High-end Chinese liquor producer Kweichow Moutai Co was accused Monday of selling liquor with excessive plasticizer (DEHP) traces that US testing groups confirmed, results analysts said are likely to deepen the gloom of the domestic liquor industry.
An anonymous domestic investor said he sent two bottles of Feitian Moutai liquor separately to two US testing laboratories, Applied Technical Services and Exova, for DEHP testing on December 11, 2012, and on Monday posted the results on xueqiu.com, a communication platform for investors.
The posted data from Exova indicated that the DEHP traces found in one of the Feitian Moutai liquors was 2.6 parts per million, almost twice the national standard of 1.5 milligrams per kilogram (1.68 parts per million).
However, some netizens questioned the motivation of the anonymous act, saying the investor may want to manipulate share prices by posting such test results, and raising doubts about the testing process, as no evidence was given of detailed purchase information about the tested liquor.
Moutai could not be reached for comment by press time.
The allegation came after the Shanghai-listed Moutai reported Friday a prediction of 50 percent year-on-year net profit growth for 2012. At closing time Monday, the share price of Moutai had fallen 5.58 percent, compared to the 2.41 percent growth of the Shanghai index.

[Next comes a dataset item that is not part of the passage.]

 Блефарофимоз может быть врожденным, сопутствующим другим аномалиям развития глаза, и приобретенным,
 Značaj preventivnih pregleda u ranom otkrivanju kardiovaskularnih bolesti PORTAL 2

In November 2012, investors began losing confidence in domestic alcohol firms including Moutai, Wuliangye Yibin Co and Jiugui Liquor Co, who struggled with scandals regarding excessive plasticizers in their products.

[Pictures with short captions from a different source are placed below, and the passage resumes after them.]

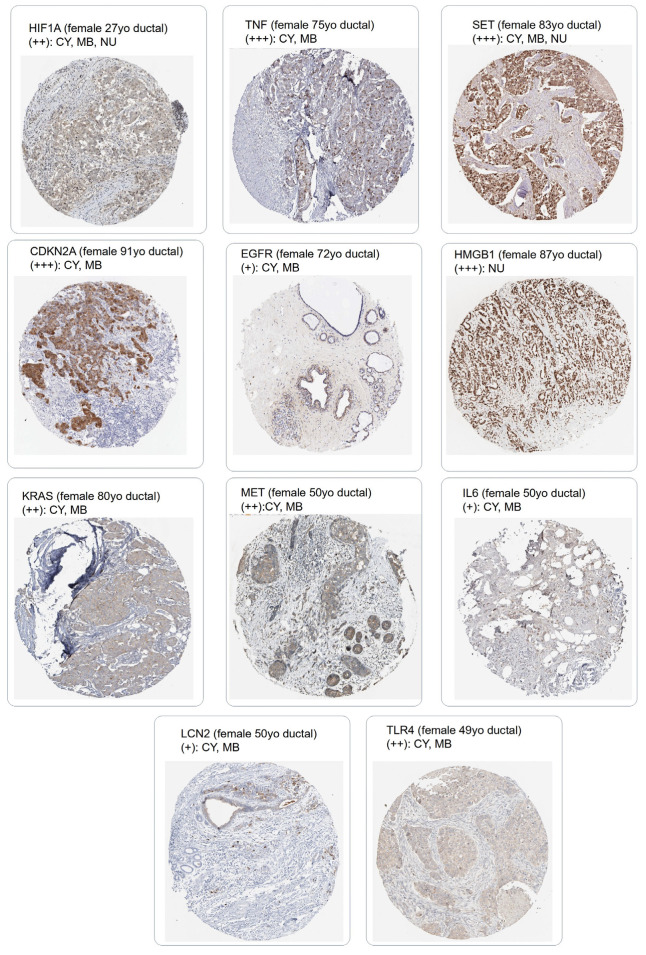 Adverse Crosstalk between Extracellular Matrix Remodeling and ...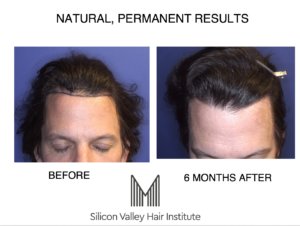  Bay Area hair transplant reviews of before and after photos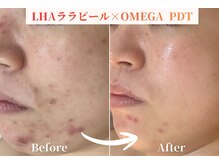 リラ(Lilas)の雰囲気（ニキビ/毛穴にはララピール×OMEGA PDT！最新LED美容で肌質改善）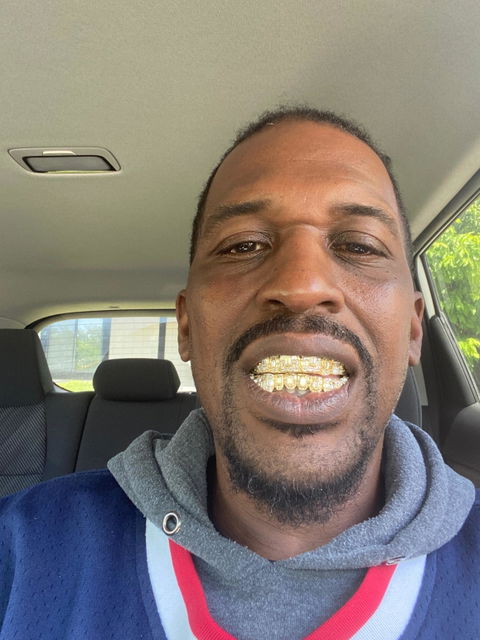 Custom Fully Iced Emerald Cut Grillz
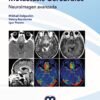 METASTASIS CEREBRALES NEUROIMAGEN AVANZADA - DOLGUSHIN
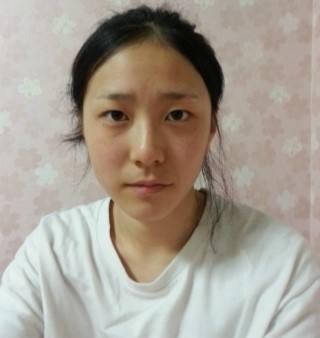 硅膠隆鼻術(shù)后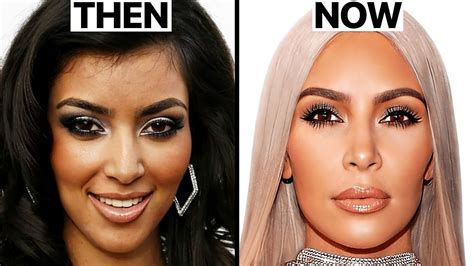 Kim Kardashian's New Face | Plastic Surgery Analysis :: GentNews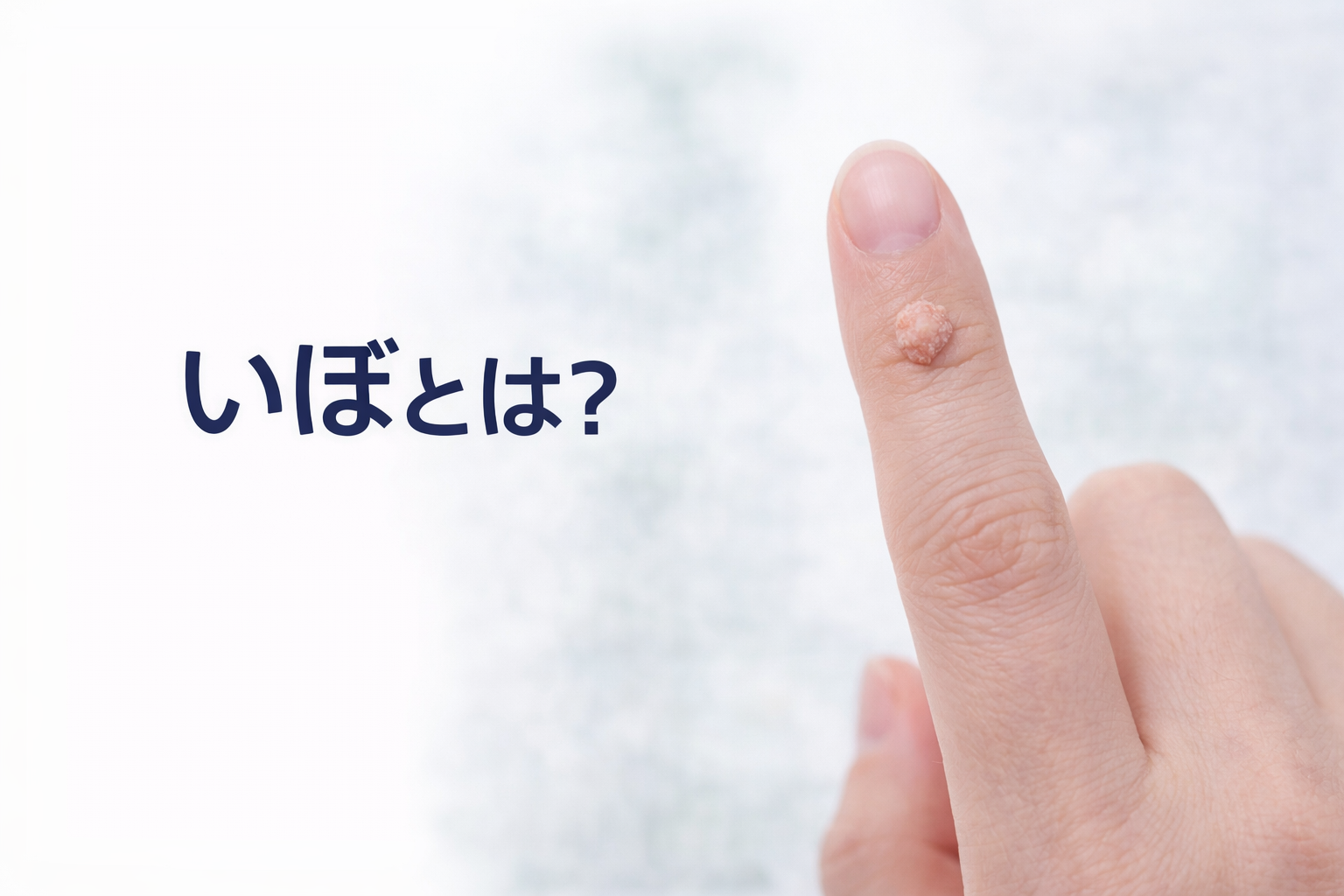 いぼとは？　原因と治療について皮膚科医が解説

On December 9, Feitian Moutai was alleged to have a high level of DEHP - 3.3 milligrams per liter according to the Center for Food Safety in Hong Kong - which was followed by a temporary halt of Moutai's trading on the stock market.

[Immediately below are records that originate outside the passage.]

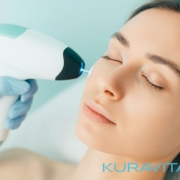 laser q switch rimini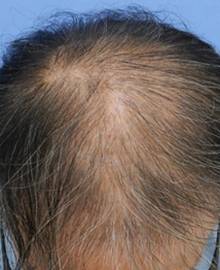 Dクリニック新宿で治療を受けた50代 MO型の男性の頭部ビフォーイメージ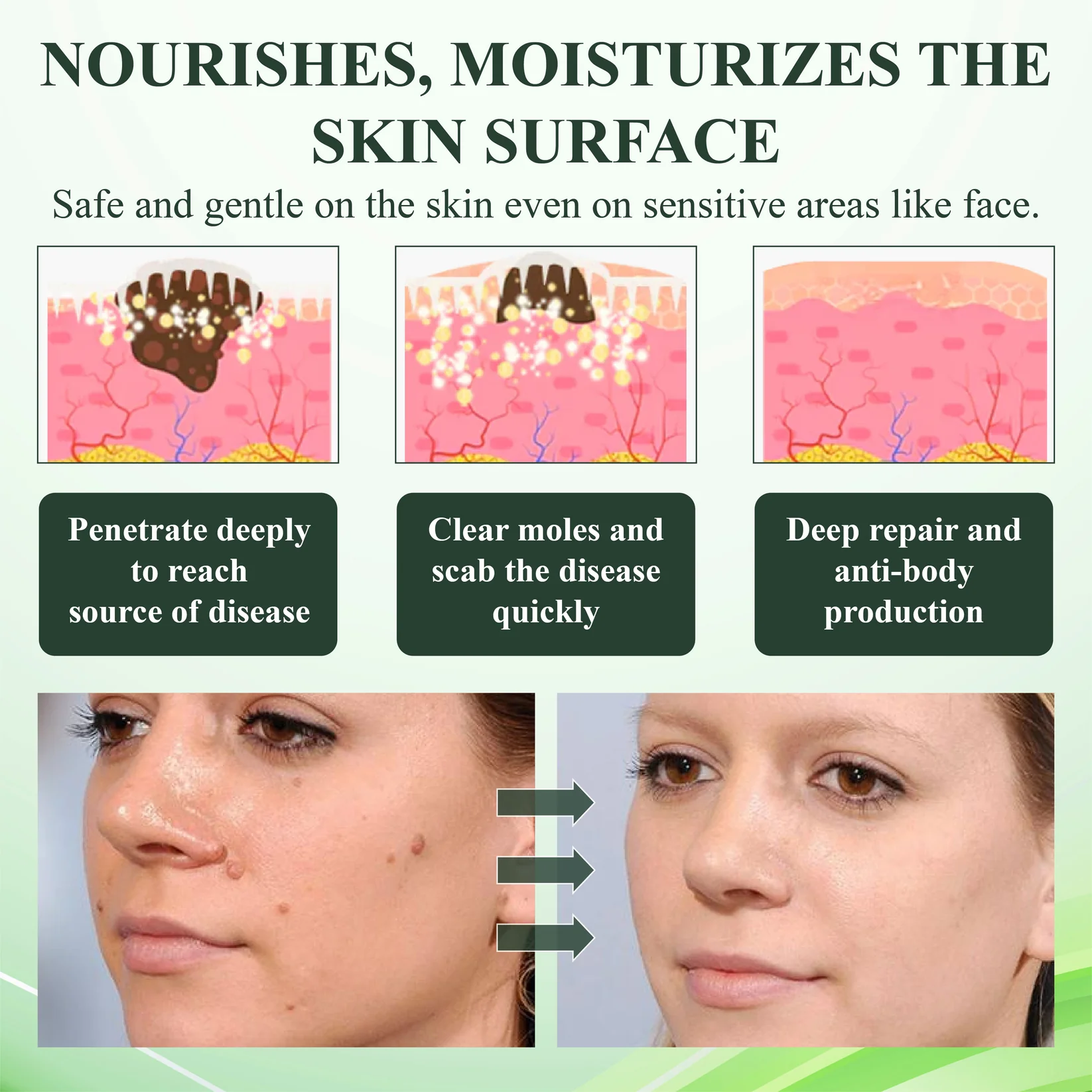 ATTDX® Reedle Shot 100 Tag & Spot Target Advanced Serum 6 ATTDX® Reedle Shot 100 Tag & Spot Target Advanced Serum - Image 6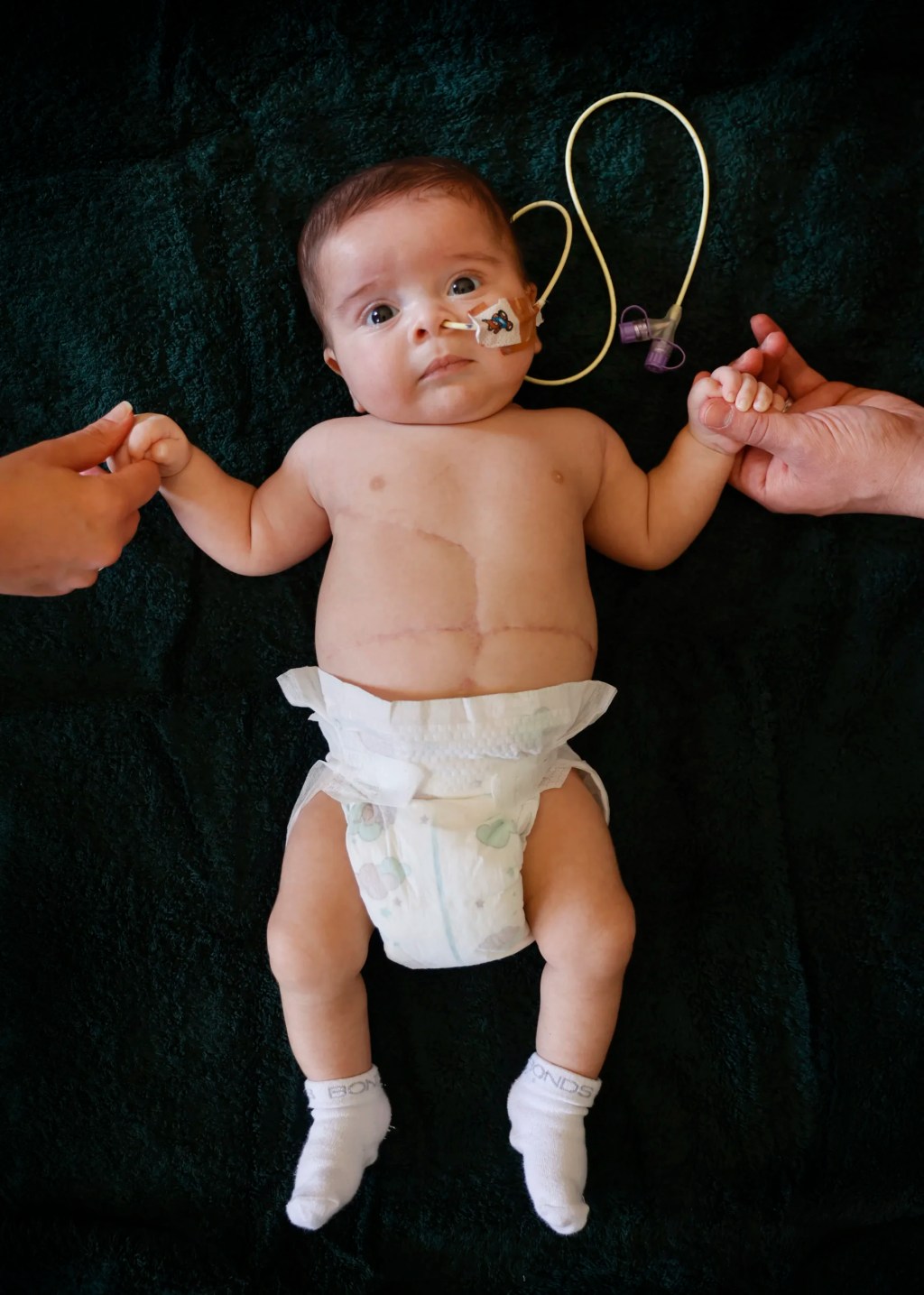 Baby tumour patient with hands held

And on December 21, a government ban on liquor at official functions sent stocks sliding even further.
Data from Beijing-based Qianinfo Consulting indicated that the sales volume of high-end liquors dropped by 20 percent year-on-year in 2012.
Monday's allegation will further Moutai's sales slump and continue to hit China's liquor stock market, Fan Jie, an industry analyst from Adfaith Management Consulting, told the Global Times Monday.
Shu Guohua, a Beijing-based liquor marketing expert, predicted that Moutai's yearly growth in profits will swing between 25 percent and 35 percent in 2013, far less than 2012's growth. He further predicted that Wuliangye liquors will not sell well in 2013 either.
The Shenzhen-listed Wuliangye saw its shares drop by 2.51 percent at closing time Monday and shares of the Shenzhen-listed Jiugui fell by 2.26 percent.
Shu told the Global Times that the disturbances caused by the plasticizer scandal will not last long, but are likely to strengthen authorities' supervision of liquor quality and improve the production process.